Katalin Farkas: Two Versions of the Extended Mind Thesis
Lecture organised by the department of Theoretical Philosophy
Andy Clark *with support by David Chalmers* has been arguing for years that the mind extends beyond the skull or the skin: that subjects have cognitive processes and propositional attitudes in virtue of their relations to some external device, like a computer or a notebook (Clark and Chalmers, 1998, Clark 2008). The Extended Mind thesis has drawn both support and criticism.

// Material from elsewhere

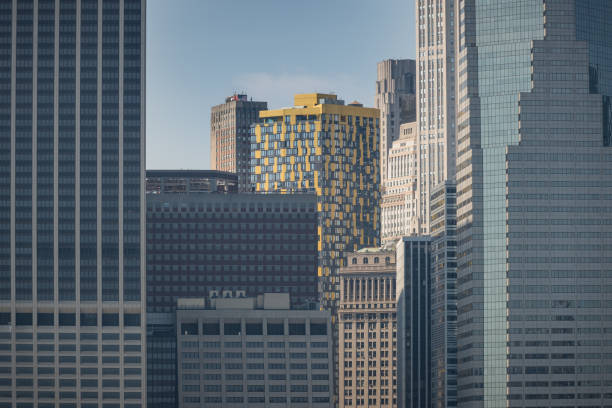 istock New York City - Skyline 645064884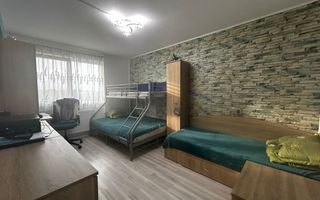 Apartament decomandat cu 2 camere - metrou Aparatorii Patriei - Poză 8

However, most discussions *including those by Clark and Chalmers themselves* fail to distinguish between two very different theses that follow from the original setup. The first version claims that the physical basis of all mental features can be located spatially outside the body. Once we accept that the mind depends to some extent on physical events, this thesis is not particularly interesting. The second version applies to standing states only, and has to do with the extension of the role of such states. This second version is much more interesting, because it points to a potential tension in our conception of minds or selves.
Katalin Farkas is Professor of Philosophy at Central European University in Budapest. She graduated in mathematics and philosophy at the Eotvos Lorand University in Budapest and obtained a PhD in philosophy at the Hungarian Academy of Sciences. Her main interest is the philosophy of mind *especially the debate about externalism and the philosophy of perception* and some issues in metaphysics, especially the nature of necessity. She also has an historical interest in Descartes' work. She is co-author and co-editor, with Tim Crane, of Metaphysics: A Guide and Anthology (OUP 2004) and the author of The subject's point of view (OUP 2008). In the academic year 2008/9, she was Kerstin Hesselgren visiting professor at the University of Stockholm.